Despising the wounded is an idea rooted in this world, said Father Boyle.

“Make your mother proud”

Homeboy Mario was petrified at his first speaking engagement. The most heavily tattooed, he was also the most gentle, the priest recalled.

When a woman at that program asked what wisdom he imparted to his children, Mario expressed the hope they would not be like him.

She countered with, “You are loving, kind, gentle and wise. I hope your kids turn out to be like you.”

A thousand strangers clapped for a long time, and Mario held his face in his hands, recalled Father Boyle.

“A room of strangers had returned him to himself and they were returned to themselves,” he said.

Father Boyle and Jenkins took questions from the audience.

One woman asked if she could give Jenkins a hug and praised his courage.

“You have to want to change,” he told the group.

Now he devotes time to listening to his children.

“We work on the emotional work. Without working on the emotional side, you’ll be nowhere,” he said.

Joe Brewster, 11, asked Jenkins if he’d ever been involved in shootings.

Jenkins told the sixth-grader that he had stolen cars in carjackings and been shot at.

“Bullets move fast.
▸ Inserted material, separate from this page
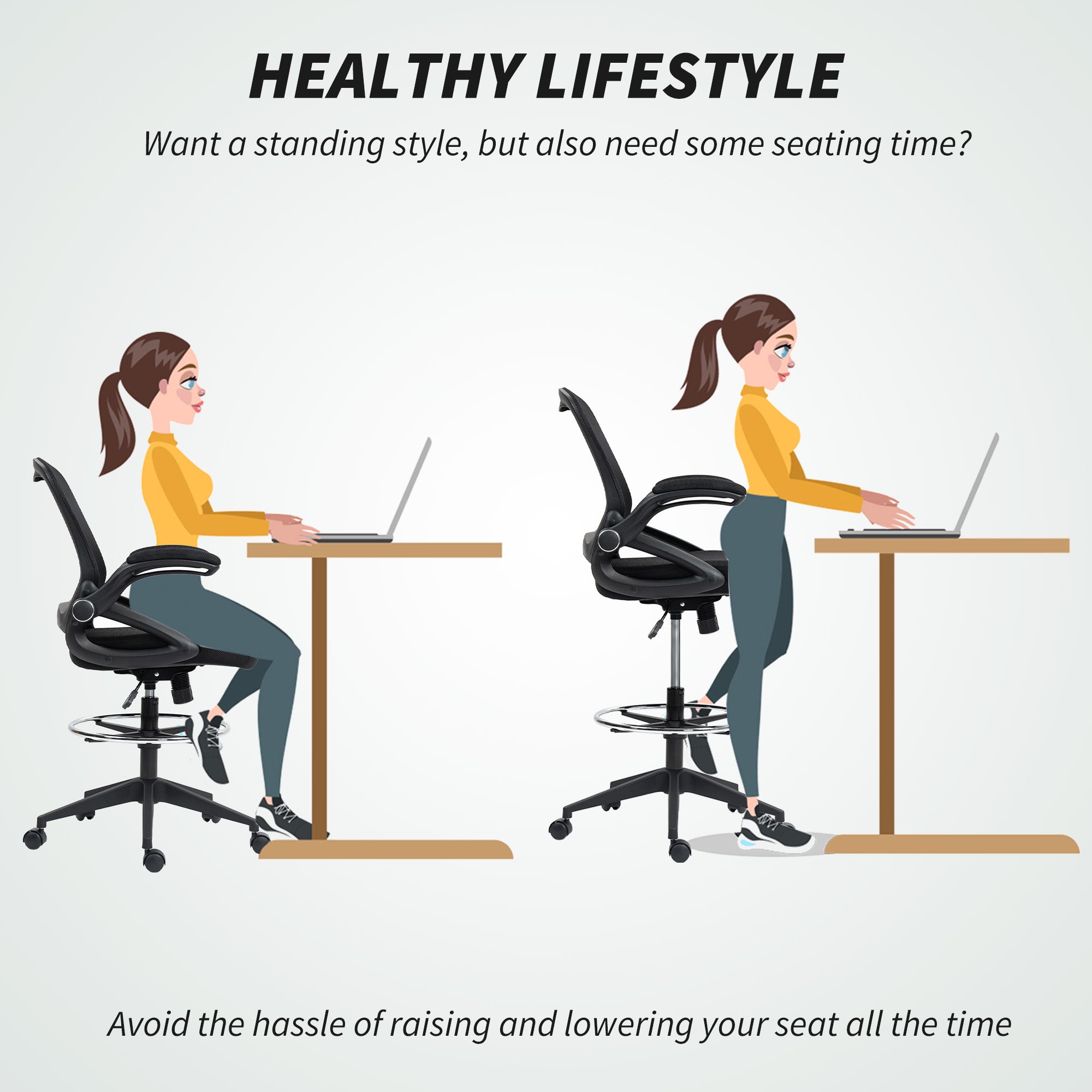 Vinsetto Drafting Chair with Flip-up Armrest, Mesh Office Stool with Foot Ring, 360° Swivel Height Adjustable Chair for Standing Desk, Black - anydaydirect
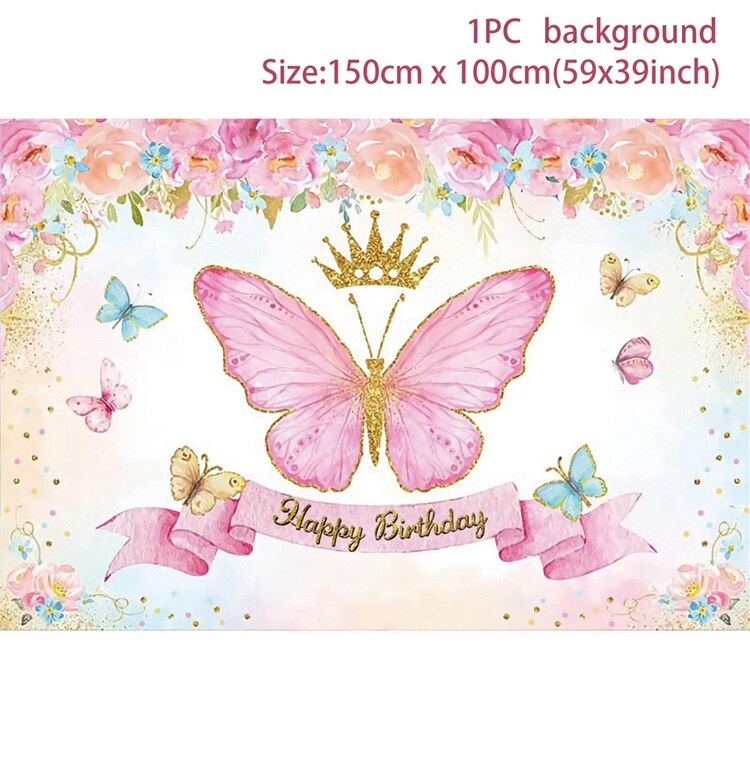 Pink Butterfly Birthday Party Backdrops Wedding Decorations Photo Booth Background Baby Shower Girl Hanging Flag Backdrop Props: butterfly 3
That’s not the kind of life I want to live,” he said. “Stay in school and make your mother proud.”

Several stood in line to meet the priest and Jenkins afterward.

St. Thomas More parishioner Tammy Davis read “Tattoos on the Heart” in April.

She was moved by the ideas on kinship, “which is a pretty strong theme in his book.”

Another woman asked Father Boyle how to remain centered on God in service work.

“If you’re depleted, you’re doing it all wrong,” said Father Boyle.

The key is to stay anchored in the present.

Father Boyle dismisses the notion that he is a healer. It’s the other way around, he said.

“I think saving lives is for the Coast Guard,” he said. “My life is saved every day.”